> Material shown:
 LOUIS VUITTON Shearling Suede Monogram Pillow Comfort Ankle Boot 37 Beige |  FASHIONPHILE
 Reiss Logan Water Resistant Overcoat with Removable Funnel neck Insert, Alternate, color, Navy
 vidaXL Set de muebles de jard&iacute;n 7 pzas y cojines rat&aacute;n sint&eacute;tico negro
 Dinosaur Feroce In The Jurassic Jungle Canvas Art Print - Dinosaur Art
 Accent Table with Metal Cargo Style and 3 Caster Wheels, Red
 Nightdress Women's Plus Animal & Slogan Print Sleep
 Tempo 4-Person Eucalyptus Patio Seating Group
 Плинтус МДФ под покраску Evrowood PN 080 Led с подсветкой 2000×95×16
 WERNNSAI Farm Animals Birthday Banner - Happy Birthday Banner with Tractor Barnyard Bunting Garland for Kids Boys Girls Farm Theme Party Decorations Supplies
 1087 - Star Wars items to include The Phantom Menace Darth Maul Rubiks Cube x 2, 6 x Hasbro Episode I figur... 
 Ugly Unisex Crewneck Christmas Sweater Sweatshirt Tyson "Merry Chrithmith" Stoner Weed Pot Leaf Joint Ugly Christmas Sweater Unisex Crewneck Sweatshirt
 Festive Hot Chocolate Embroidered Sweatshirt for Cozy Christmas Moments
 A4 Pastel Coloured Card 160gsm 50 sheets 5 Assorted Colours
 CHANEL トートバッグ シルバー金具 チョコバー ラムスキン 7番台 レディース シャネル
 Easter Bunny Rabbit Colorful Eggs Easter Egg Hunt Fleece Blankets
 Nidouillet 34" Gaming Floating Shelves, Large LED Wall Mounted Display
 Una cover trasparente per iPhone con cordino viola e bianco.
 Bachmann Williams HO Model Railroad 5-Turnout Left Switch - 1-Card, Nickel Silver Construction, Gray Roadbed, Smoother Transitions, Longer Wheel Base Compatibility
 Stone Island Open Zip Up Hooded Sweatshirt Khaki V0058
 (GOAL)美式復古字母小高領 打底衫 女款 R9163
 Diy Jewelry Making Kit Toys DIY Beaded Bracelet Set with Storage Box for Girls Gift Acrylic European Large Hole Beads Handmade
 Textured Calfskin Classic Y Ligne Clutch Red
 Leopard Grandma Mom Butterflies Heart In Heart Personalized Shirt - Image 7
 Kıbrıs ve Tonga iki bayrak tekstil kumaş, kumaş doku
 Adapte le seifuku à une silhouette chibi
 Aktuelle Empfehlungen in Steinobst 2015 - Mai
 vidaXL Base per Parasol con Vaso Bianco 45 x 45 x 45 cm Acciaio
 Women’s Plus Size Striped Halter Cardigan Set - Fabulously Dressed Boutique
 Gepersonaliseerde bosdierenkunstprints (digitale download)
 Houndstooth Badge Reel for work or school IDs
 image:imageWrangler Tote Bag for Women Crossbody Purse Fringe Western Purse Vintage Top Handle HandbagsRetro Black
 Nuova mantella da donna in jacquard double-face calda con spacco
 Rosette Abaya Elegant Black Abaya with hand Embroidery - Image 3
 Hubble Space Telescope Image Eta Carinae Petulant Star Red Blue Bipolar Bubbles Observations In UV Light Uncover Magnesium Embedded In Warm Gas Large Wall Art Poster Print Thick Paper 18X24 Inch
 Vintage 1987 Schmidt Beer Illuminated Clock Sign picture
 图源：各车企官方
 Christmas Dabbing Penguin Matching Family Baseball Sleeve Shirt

> Exercise:
The total wanted is the number of lines in the entries above that contain "Large". Give it alone.

> Exercise answer:
3